# R15 Rebate



## Manchesters (Nov 20, 2005)

How do we apply for the $100 rebate? Where/how do we get the form?

Thanks!


----------



## ISWIZ (Nov 18, 2005)

Value electronics and DTV have them on their site. You have to have your first DTV bill showing the service added. Also heard DTV sends you the form


----------



## Malibu13 (Sep 12, 2004)

ISWIZ is correct.  many have posted that they printed the form off of D*'s website, mailed it and received the rebate without probs.


----------



## Crystal Pepsi Ball (Jun 29, 2004)

the website for the rebate is www.directv.com/dvrrebate


----------



## Manchesters (Nov 20, 2005)

Thanks to you kind people for the help!!!


----------



## jwheeler (Nov 23, 2005)

What is the average time it takes to recieve the rebate once submited


----------



## Malibu13 (Sep 12, 2004)

jwheeler said:


> What is the average time it takes to recieve the rebate once submited


i have seen reports of as little as 3 wks.-8wks...........and yet, some have not gotten it back yet, even after 8 wks.


----------



## Janice805 (Nov 27, 2005)

I mailed mine on 10-20-05 (rebate form printed from website) and received my $100 check today 11-26-05.


----------



## Janice805 (Nov 27, 2005)

Oops. Sorry, mine was not for the R15 but for another R10 Direct TV TIVO. Just found this forum today and didn't pay close attention (just saw "rebate").... 

Just came over from the TIVO Community forum. Guess I'll lurk here now (but try to pay closer attention to the subject matter)


----------



## Malibu13 (Sep 12, 2004)

Janice805 said:


> I mailed mine on 10-20-05 (rebate form printed from website) and received my $100 check today 11-26-05.


glad you got it back relatively quick.  that early xmas cash helps huh?


----------



## Bogney (Jul 11, 2003)

My sister got an R15 with the understanding that there was a $100 rebate. Now she is being told that the rebate is for new subscribers only. Is this true?


----------



## Manchesters (Nov 20, 2005)

Bogney said:


> My sister got an R15 with the understanding that there was a $100 rebate. Now she is being told that the rebate is for new subscribers only. Is this true?


No, that is not true. It is for anyone who buys the R-10 or R-15 and activates it!


----------



## carl6 (Nov 16, 2005)

I believe there is a limit of one rebate within some period of time, such as the past year or something like that.

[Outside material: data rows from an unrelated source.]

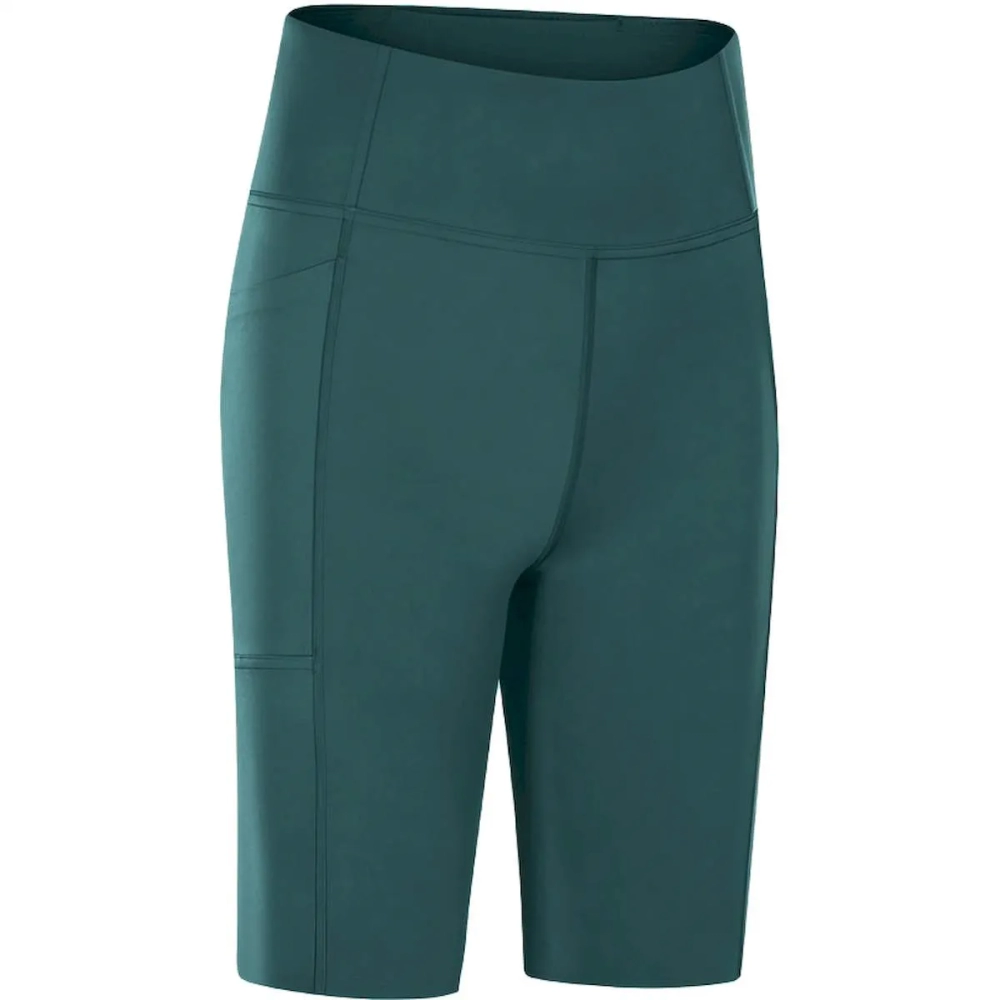 Cittys / Велосипедки / шорты / велошорты / с карманами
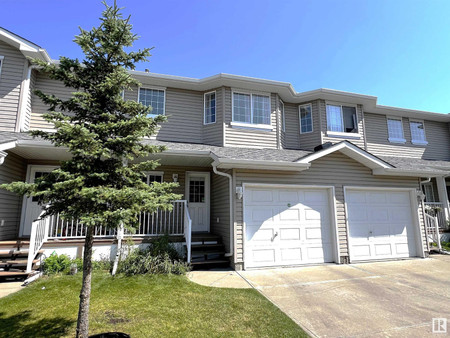 35 380 Silver Berry Rd Nw, Edmonton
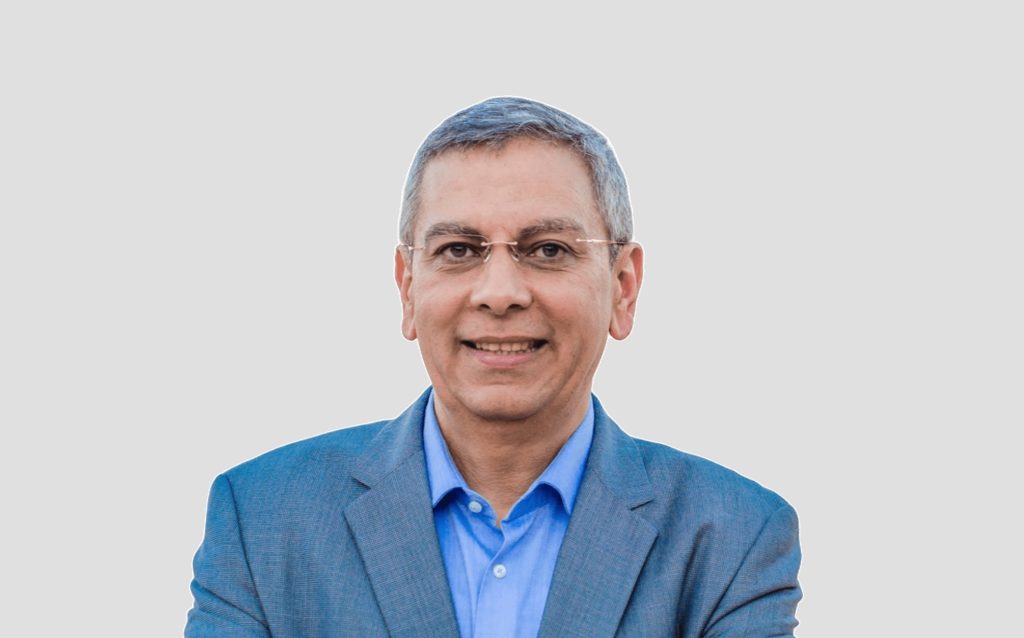 الدكتور أشرف الخولي: «القابضة للأدوية» تستهدف زيادة أرباحها 343% الى 3.4 مليار جنيه في العام المالي الحالي الدكتور أشرف الخولي، العضو المنتدب للشركة القابضة للأدوية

Based on when she started service and what, if any, upgrades she has had since then, she may or may not be eligible for the R15 rebate.

Carl


----------



## Manchesters (Nov 20, 2005)

I got my rebate today in the mail. Sent it in approx. 11/25.


----------



## Malibu13 (Sep 12, 2004)

Glad to hear it  Now enjoy your "Free DVR"


----------